Мы сегодня еще недостаточно знаем о внутреннем эмигрантстве Горького, о его инакомыслии, и всей той тайной полицейской слежке, что велась за ним и вокруг него. Он оказался, к несчастью, между эмиграцией, где его кляли на все корки, и когортой новых советских писателей, за которых болела его душа. Коварная ласка Сталина и ему сжимала горло, несомненно. Страх и чувство самосохранения калечили и его душу, заставляли прислуживаться, — хоть оно и тошно.
Мне не представляется возможным на этих страницах заняться неким принципиально-художественным анализом и сравнением, — хотя следовало и было бы интересно: сравнить «Жизнь Арсеньева» и трилогию Горького «Детство», «В людях», «Мои университеты». В этом тоже ярко обозначилось бы и сходство и различие обоих художников. Почему-то в одно время, почти параллельно они создавали свои самые исповедальные творения. Некий знак и символ в том есть.
В одесском дневнике Веры Николаевны 1918 года можно найти следующее:
«— Вы слышали, — спросил Ян Яблоновского, — говорят, Горький стал товарищем министра Народного Просвещения?
— Это хорошо, теперь можно будет его вешать, — с злорадством ответил Яблоновский».
И далее: «Ян говорит, что никогда не простит Горькому, что он теперь в правительстве.
— Придет день, я восстану открыто на него. Да не только как на человека, но и как на писателя. Пора сорвать маску, что он великий художник. У него, правда, был талант, но он потонул во лжи, в фальши…»
Много лет спустя Бунин все продолжает свой спор с Горьким, ревизию его. Вот запись из дневника: «20.1.42… Пробовал читать Горького, „Вареньку Олесову“, которую читал лет 40 назад с отвращением. Теперь осилил только страниц 30 — нестерпимо — так пошло и бездарно, несмотря на все притворство автора быть „художником“. „Косые лучи солнца, пробиваясь сквозь листву кустов сирени и акаций, пышно разросшихся у перил террасы, дрожали в воздухе тонкими золотыми лентами… Воздух был полон запаха липы, сирени и влажной земли…“ (И липы и сирень цветут вместе)…»

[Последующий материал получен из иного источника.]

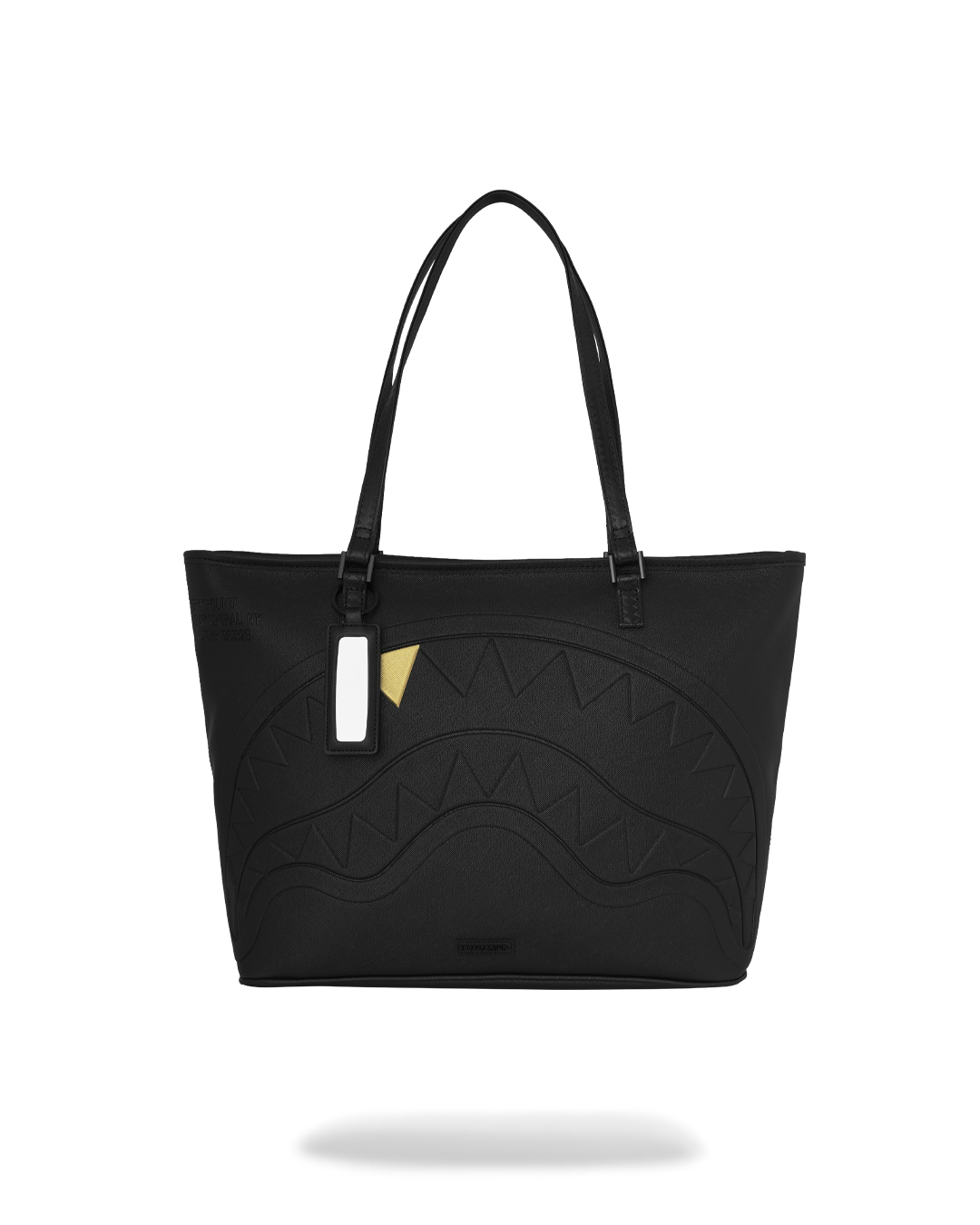 SPRAYGROUND The Golden Fang Shark Tote — product image 1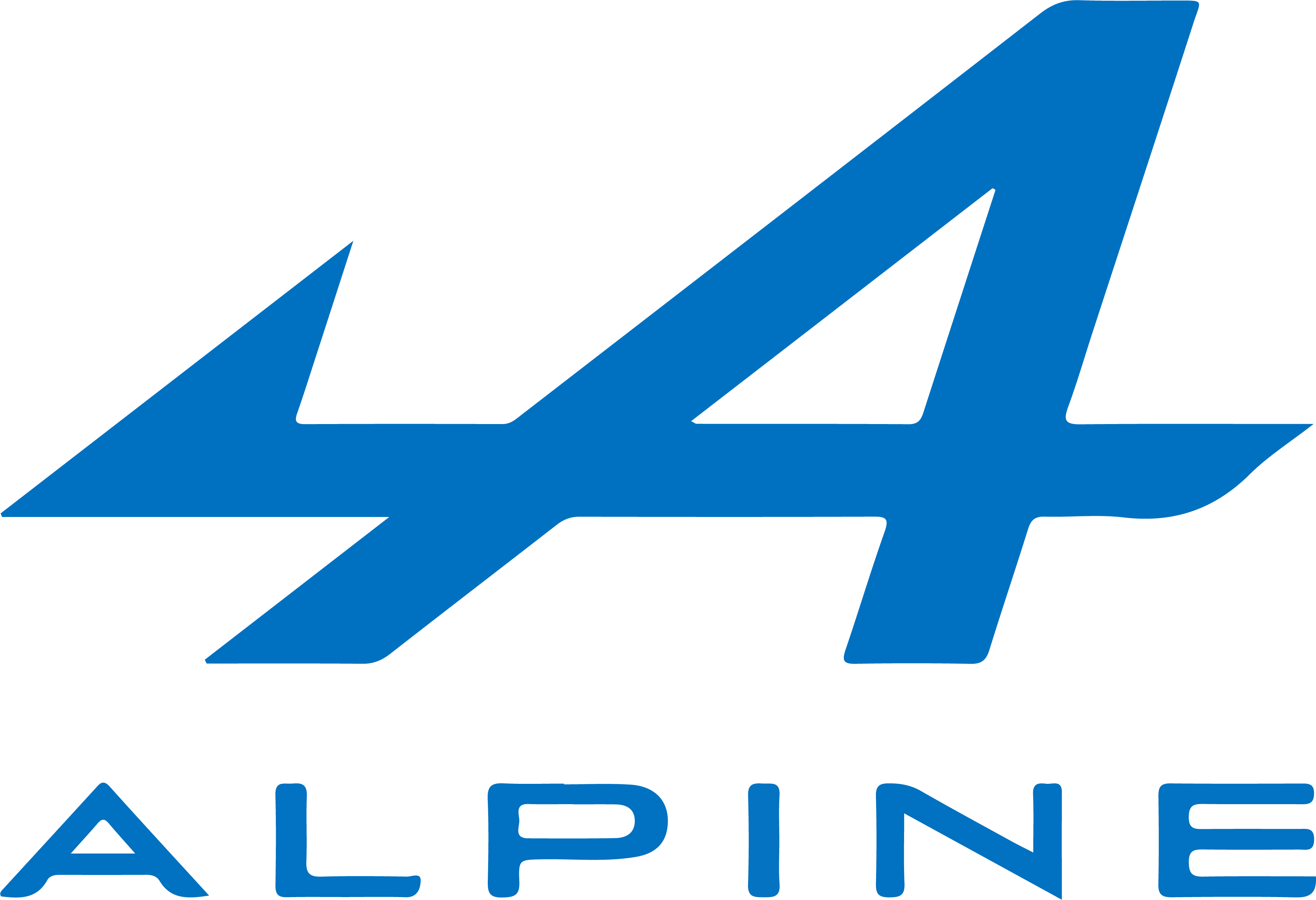 Alpine motor Logo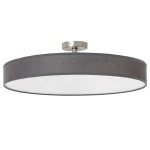 Helios Szary LED 36W 3000K Lampa sufitowa Rabalux 5688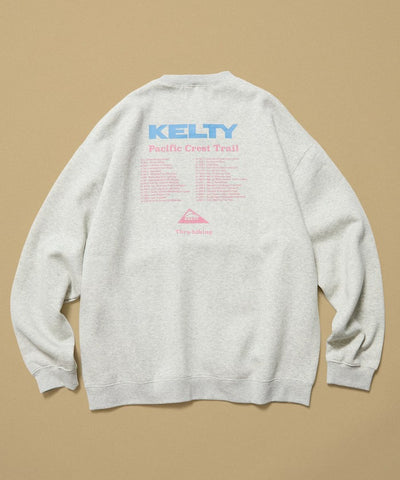 KELTY × FREAK'S STORE / 巡演標誌 圓領衫（日本聯名限定）
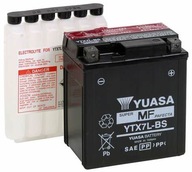 YTX7L-BS batéria YUASA YAMAHA 50 YFM Raptor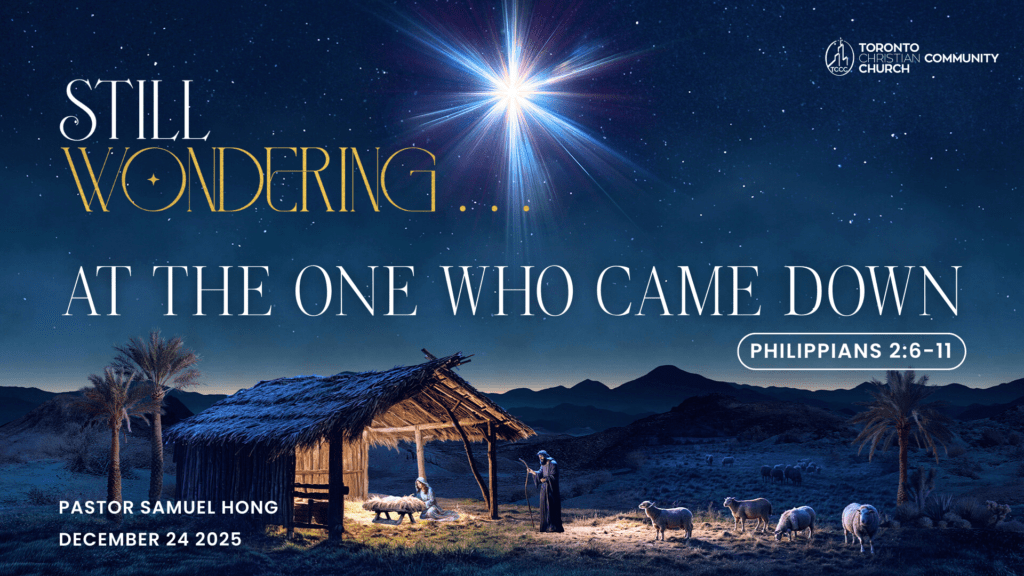 At The One Who Came Down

Вера Николаевна продолжает: «Мне грустно, что все так случилось, так как Горького я любила. Мне вспоминается, как на Капри, после пения, мандолин, тарантеллы и вина Ян сделал Горькому такую надпись на своей книге: „Что бы ни случилось, дорогой Алексей Максимович, я всегда буду любить вас“… Неужели и тогда Ян чувствовал, что пути их могут разойтись, но под влиянием Капри, тарантеллы, пения, музыки душа его была мягка, и ему хотелось, чтобы и в будущем это было бы так же. Я, как сейчас, вижу кабинет на вилле Спинола, качающиеся цветы за длинным окном, мы с Яном одни в этой комнате, из столовой доносится музыка. Мне было очень хорошо, радостно, а ведь там зрел большевизм. Ведь как раз в ту весну так много разглагольствовал Луначарский о школе пропагандистов, которую они основали в вилле Горького, но которая просуществовала не очень долго, так как все перессорились, да и большинство учеников, кажется, были провокаторами. И мне все-таки и теперь не совсем ясен Алексей Максимович. Неужели, неужели…» Да, конечно, мог ли Бунин и все вообще знать, как на самом деле жил Горький, под каким «конвоем» [3]!
В 1936 году, узнав в Грассе о смерти Горького, Бунин написал о нем довольно жестко-ироничный, хоть и грустный очерк, совсем не польстив старому товарищу. «Вскоре после захвата власти большевиками он приехал в Москву, остановился у своей жены Екатерины Павловны, и она сказала мне по телефону: „Алексей Максимович хочет поговорить с вами“. Я ответил, что говорить нам теперь не о чем, что я считаю наши отношения с ним навсегда оконченными».
И все же они были, эти отношения, и оба писателя никогда не забывали друг о друге, знали, кто что пишет и как живет. А Горький, — я уже упоминал, — и в советское время пытался печатать Бунина и призывал своих советских питомцев-самоучек учиться у него мастерству.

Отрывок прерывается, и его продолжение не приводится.